Your goal | With the images removed, write out every line below exactly.

#####

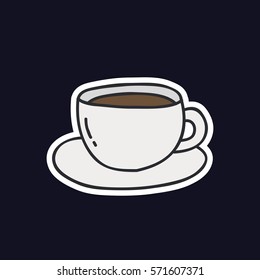 doodle icon. cup of coffee. vector illustration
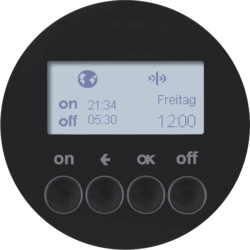 ŁĄCZNIK CZASOWY QUICKLINK CZARNY POŁYSK R.1/R.3 KNX RF  - 85745231 - HAGER - BERKER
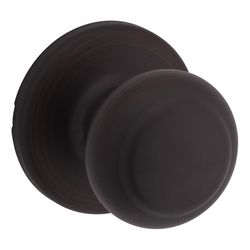 Kwikset Cove Traditional Venetian Bronze Passage Door Knob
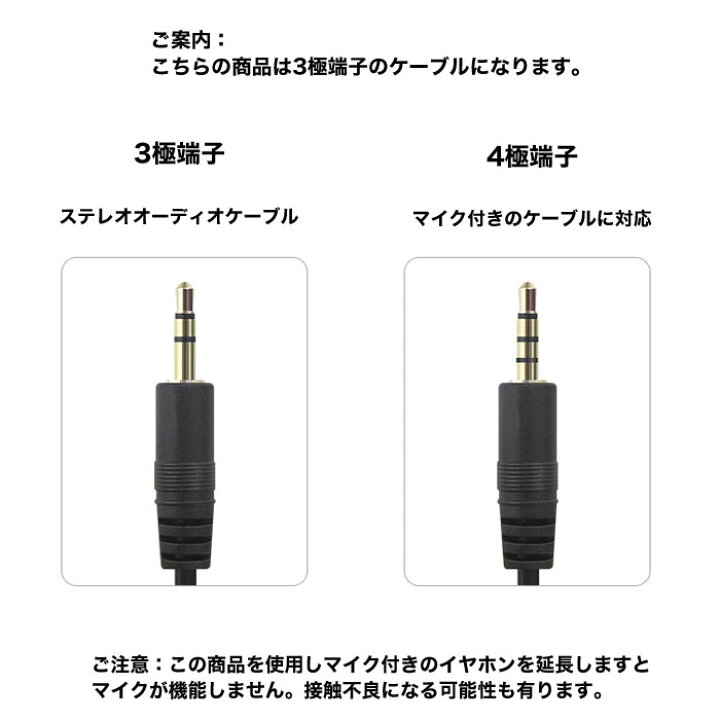 ステレオミニプラグコード 延長ケーブル 10m Aux 金メッキ ソフト イヤホン延長 スマホ 3極 オーディオケーブル 延長 Pc テレビ接続 接続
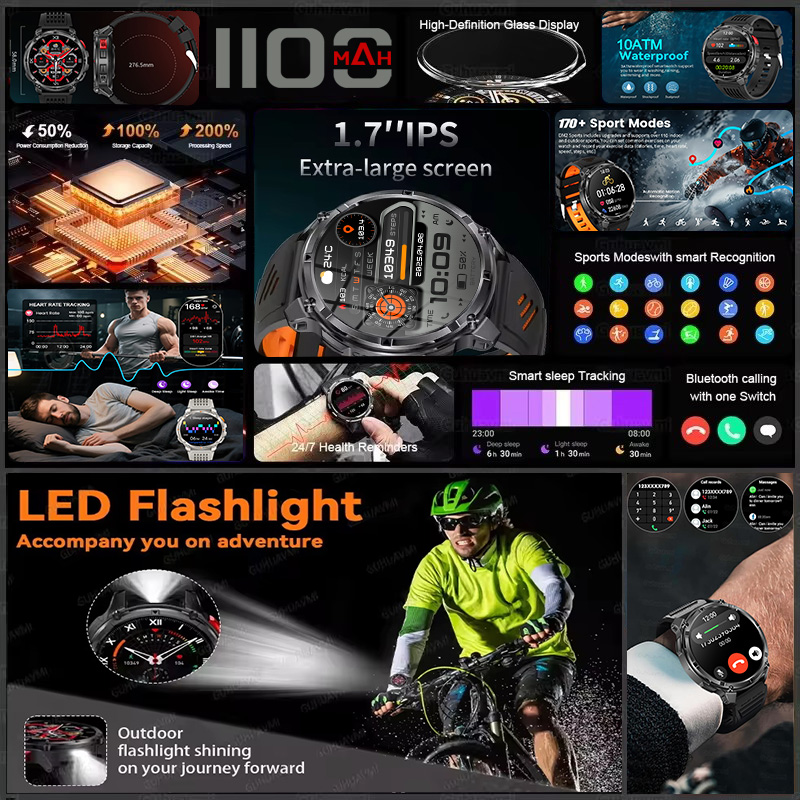 T-REX 3 ساعة ذكية عسكرية للرجا - مراجعة Smartwatch Store وسعره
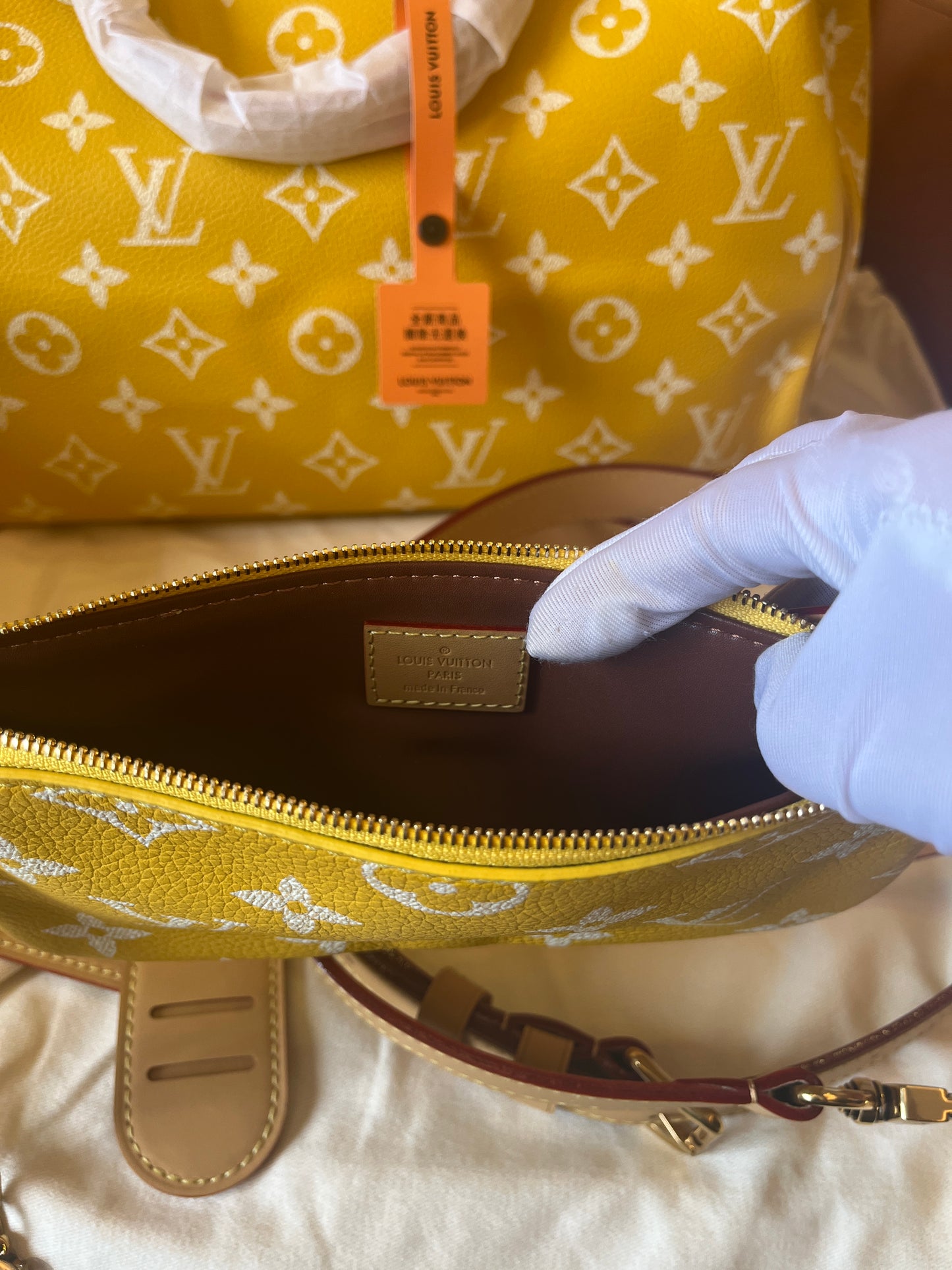 Louis Vuitton x Pharrell Williams speedy P9 bandoulière 40 yellow grained calfskin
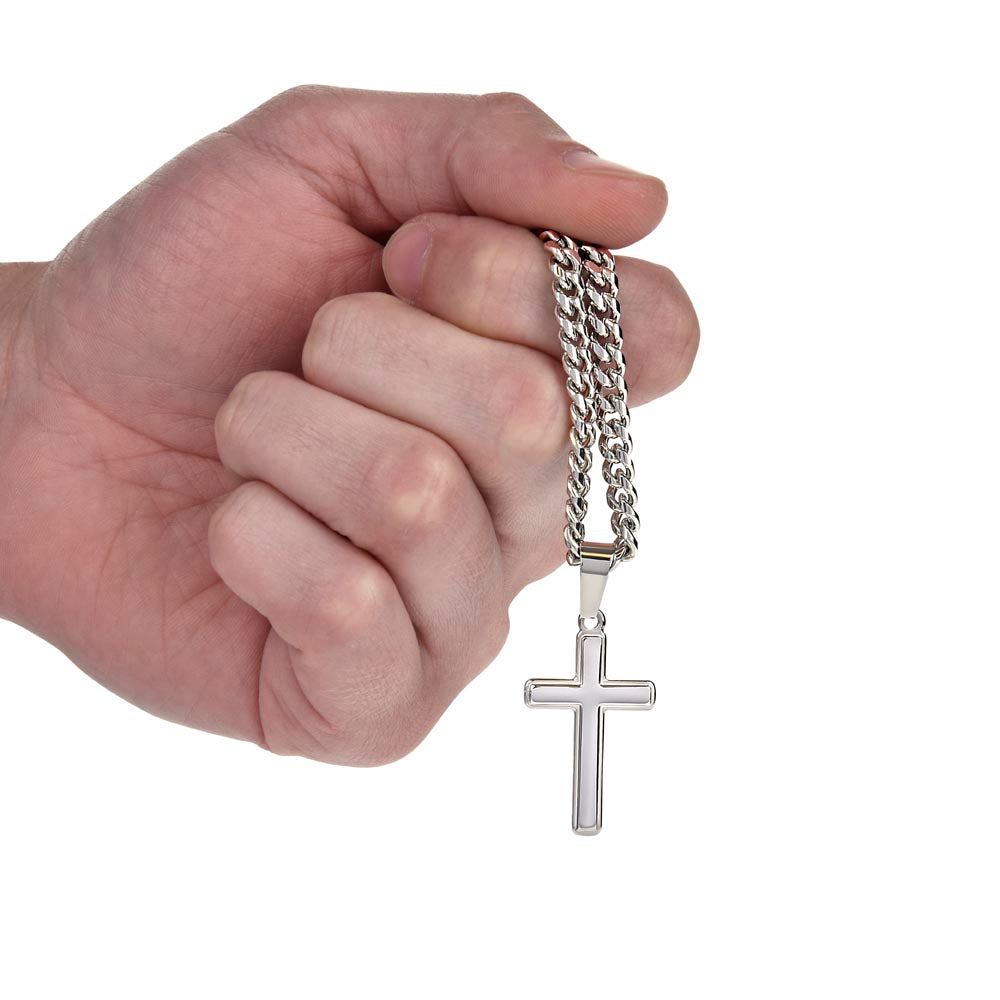 To My Amazing Son - Custom Cross Cuban Link Chain ShineOn Fulfillment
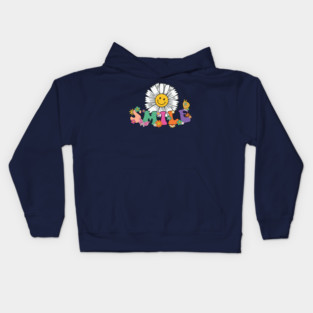 Happy Retro Daisy Smile Face Preppy Aesthetic Men Women Kid Kids Hoodie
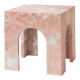 Table d'appoint en marbre rose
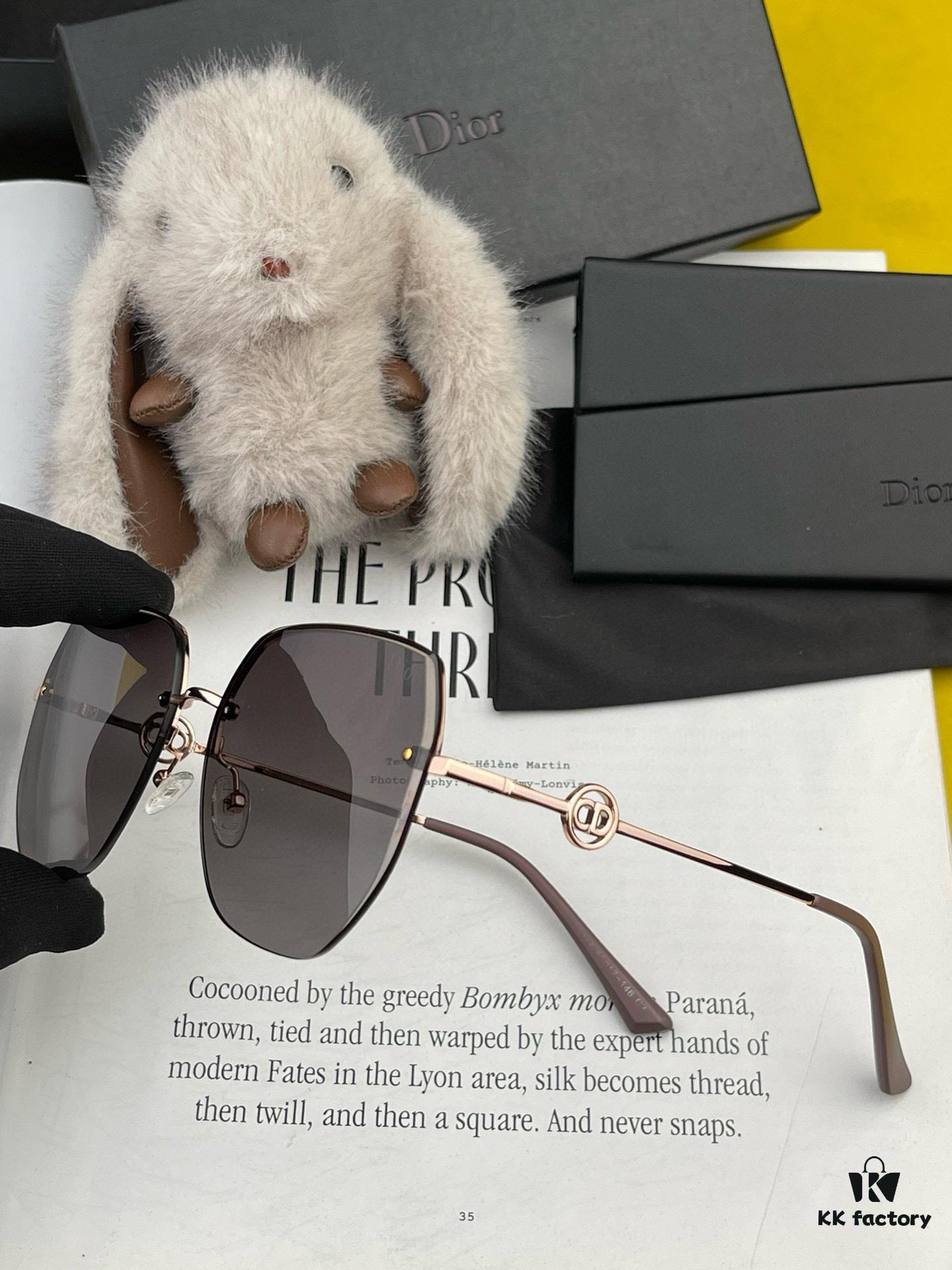 6931ff803a89a121ed54f690 DIOR Volcano Umbrella Fashion Rimless Sunglasses Lenses, Top Luxury High-Quality Women's Driving Sunglasses, Model: CD5371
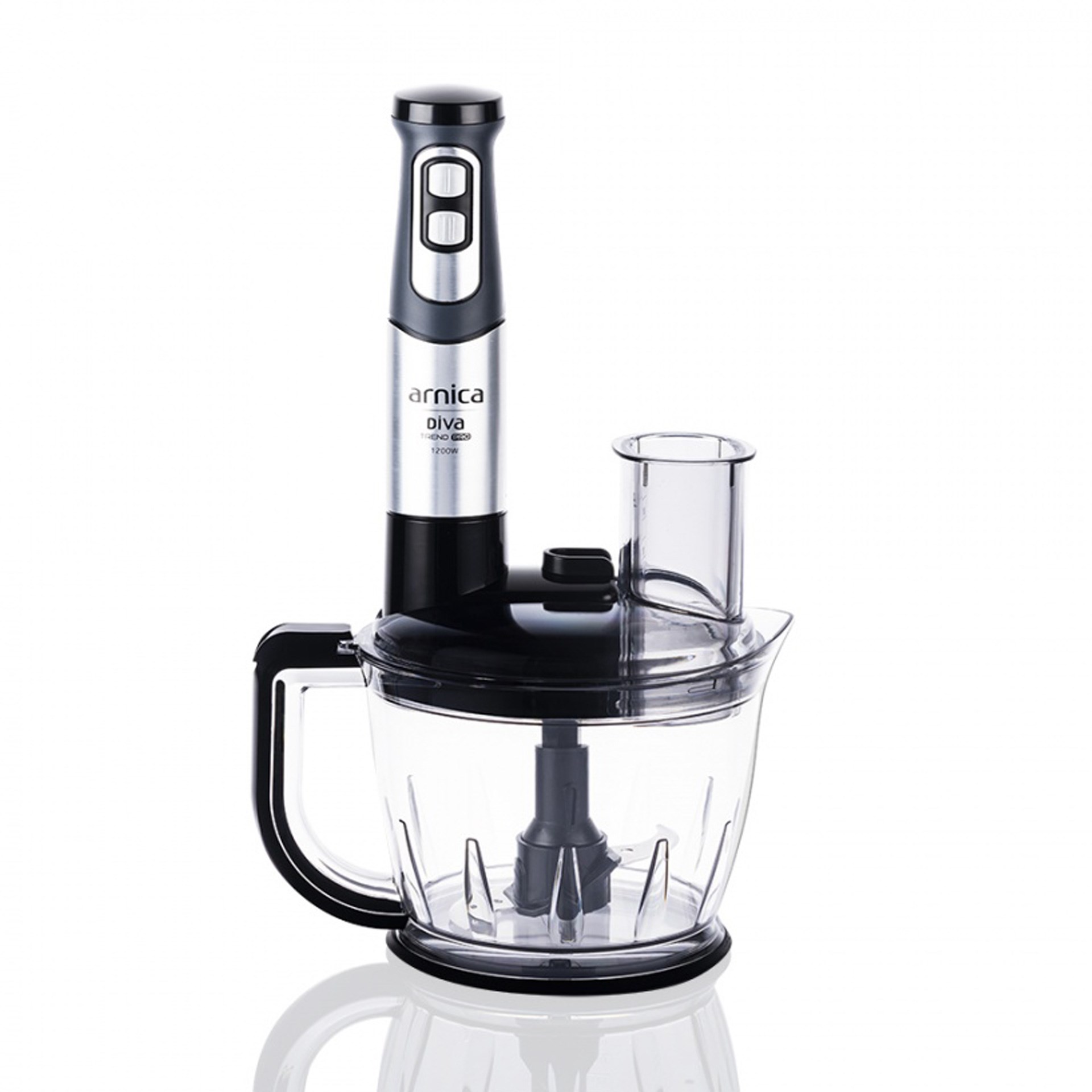 Arnica GH21801 Diva Trend Pro Doğrayıcı Blender Seti Gümüş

#####

Response |
 doodle icon. cup of coffee. vector illustration
 ŁĄCZNIK CZASOWY QUICKLINK CZARNY POŁYSK R.1/R.3 KNX RF  - 85745231 - HAGER - BERKER
 Kwikset Cove Traditional Venetian Bronze Passage Door Knob
 ステレオミニプラグコード 延長ケーブル 10m Aux 金メッキ ソフト イヤホン延長 スマホ 3極 オーディオケーブル 延長 Pc テレビ接続 接続
 T-REX 3 ساعة ذكية عسكرية للرجا - مراجعة Smartwatch Store وسعره
 Louis Vuitton x Pharrell Williams speedy P9 bandoulière 40 yellow grained calfskin
 To My Amazing Son - Custom Cross Cuban Link Chain ShineOn Fulfillment
 Happy Retro Daisy Smile Face Preppy Aesthetic Men Women Kid Kids Hoodie
 Table d'appoint en marbre rose
 6931ff803a89a121ed54f690 DIOR Volcano Umbrella Fashion Rimless Sunglasses Lenses, Top Luxury High-Quality Women's Driving Sunglasses, Model: CD5371
 Arnica GH21801 Diva Trend Pro Doğrayıcı Blender Seti Gümüş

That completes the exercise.